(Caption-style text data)
---+---

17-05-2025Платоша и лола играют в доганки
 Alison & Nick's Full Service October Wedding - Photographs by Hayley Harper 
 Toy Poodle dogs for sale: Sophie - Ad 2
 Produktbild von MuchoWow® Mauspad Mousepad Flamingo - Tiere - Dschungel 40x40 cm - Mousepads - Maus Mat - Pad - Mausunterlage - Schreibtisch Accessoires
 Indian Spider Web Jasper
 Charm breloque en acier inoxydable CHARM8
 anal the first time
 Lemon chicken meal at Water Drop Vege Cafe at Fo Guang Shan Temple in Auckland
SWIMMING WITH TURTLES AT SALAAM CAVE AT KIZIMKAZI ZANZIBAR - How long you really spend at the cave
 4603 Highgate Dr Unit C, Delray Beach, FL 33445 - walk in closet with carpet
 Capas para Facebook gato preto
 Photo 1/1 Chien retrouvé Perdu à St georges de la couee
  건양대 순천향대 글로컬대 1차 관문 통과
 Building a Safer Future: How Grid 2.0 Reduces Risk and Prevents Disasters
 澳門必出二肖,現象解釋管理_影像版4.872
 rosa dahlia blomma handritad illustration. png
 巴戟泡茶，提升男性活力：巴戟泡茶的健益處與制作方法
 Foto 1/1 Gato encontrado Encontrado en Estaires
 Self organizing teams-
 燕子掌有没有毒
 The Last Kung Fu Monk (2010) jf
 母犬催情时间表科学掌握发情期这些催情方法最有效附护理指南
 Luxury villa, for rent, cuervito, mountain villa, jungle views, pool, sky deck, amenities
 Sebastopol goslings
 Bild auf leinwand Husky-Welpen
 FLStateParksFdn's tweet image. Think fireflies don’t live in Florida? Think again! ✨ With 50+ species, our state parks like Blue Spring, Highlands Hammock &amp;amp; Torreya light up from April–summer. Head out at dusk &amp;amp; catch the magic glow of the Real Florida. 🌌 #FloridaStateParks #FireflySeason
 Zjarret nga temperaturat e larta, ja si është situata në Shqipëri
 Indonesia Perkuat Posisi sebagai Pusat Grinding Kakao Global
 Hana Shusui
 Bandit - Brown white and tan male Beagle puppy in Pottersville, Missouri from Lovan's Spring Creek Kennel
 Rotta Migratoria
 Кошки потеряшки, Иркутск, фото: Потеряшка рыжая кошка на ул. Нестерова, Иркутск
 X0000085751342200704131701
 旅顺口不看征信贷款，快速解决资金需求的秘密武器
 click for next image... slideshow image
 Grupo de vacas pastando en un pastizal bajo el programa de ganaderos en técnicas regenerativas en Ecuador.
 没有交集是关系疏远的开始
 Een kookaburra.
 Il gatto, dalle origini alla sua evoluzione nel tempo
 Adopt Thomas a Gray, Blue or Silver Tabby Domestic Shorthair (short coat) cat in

---+---

## PROBLEM REQUIREMENTS
The answer must be an exact reproduction of all the records.

## PROBLEM SOLUTION
17-05-2025Платоша и лола играют в доганки
 Alison & Nick's Full Service October Wedding - Photographs by Hayley Harper 
 Toy Poodle dogs for sale: Sophie - Ad 2
 Produktbild von MuchoWow® Mauspad Mousepad Flamingo - Tiere - Dschungel 40x40 cm - Mousepads - Maus Mat - Pad - Mausunterlage - Schreibtisch Accessoires
 Indian Spider Web Jasper
 Charm breloque en acier inoxydable CHARM8
 anal the first time
 Lemon chicken meal at Water Drop Vege Cafe at Fo Guang Shan Temple in Auckland
SWIMMING WITH TURTLES AT SALAAM CAVE AT KIZIMKAZI ZANZIBAR - How long you really spend at the cave
 4603 Highgate Dr Unit C, Delray Beach, FL 33445 - walk in closet with carpet
 Capas para Facebook gato preto
 Photo 1/1 Chien retrouvé Perdu à St georges de la couee
  건양대 순천향대 글로컬대 1차 관문 통과
 Building a Safer Future: How Grid 2.0 Reduces Risk and Prevents Disasters
 澳門必出二肖,現象解釋管理_影像版4.872
 rosa dahlia blomma handritad illustration. png
 巴戟泡茶，提升男性活力：巴戟泡茶的健益處與制作方法
 Foto 1/1 Gato encontrado Encontrado en Estaires
 Self organizing teams-
 燕子掌有没有毒
 The Last Kung Fu Monk (2010) jf
 母犬催情时间表科学掌握发情期这些催情方法最有效附护理指南
 Luxury villa, for rent, cuervito, mountain villa, jungle views, pool, sky deck, amenities
 Sebastopol goslings
 Bild auf leinwand Husky-Welpen
 FLStateParksFdn's tweet image. Think fireflies don’t live in Florida? Think again! ✨ With 50+ species, our state parks like Blue Spring, Highlands Hammock &amp;amp; Torreya light up from April–summer. Head out at dusk &amp;amp; catch the magic glow of the Real Florida. 🌌 #FloridaStateParks #FireflySeason
 Zjarret nga temperaturat e larta, ja si është situata në Shqipëri
 Indonesia Perkuat Posisi sebagai Pusat Grinding Kakao Global
 Hana Shusui
 Bandit - Brown white and tan male Beagle puppy in Pottersville, Missouri from Lovan's Spring Creek Kennel
 Rotta Migratoria
 Кошки потеряшки, Иркутск, фото: Потеряшка рыжая кошка на ул. Нестерова, Иркутск
 X0000085751342200704131701
 旅顺口不看征信贷款，快速解决资金需求的秘密武器
 click for next image... slideshow image
 Grupo de vacas pastando en un pastizal bajo el programa de ganaderos en técnicas regenerativas en Ecuador.
 没有交集是关系疏远的开始
 Een kookaburra.
 Il gatto, dalle origini alla sua evoluzione nel tempo
 Adopt Thomas a Gray, Blue or Silver Tabby Domestic Shorthair (short coat) cat in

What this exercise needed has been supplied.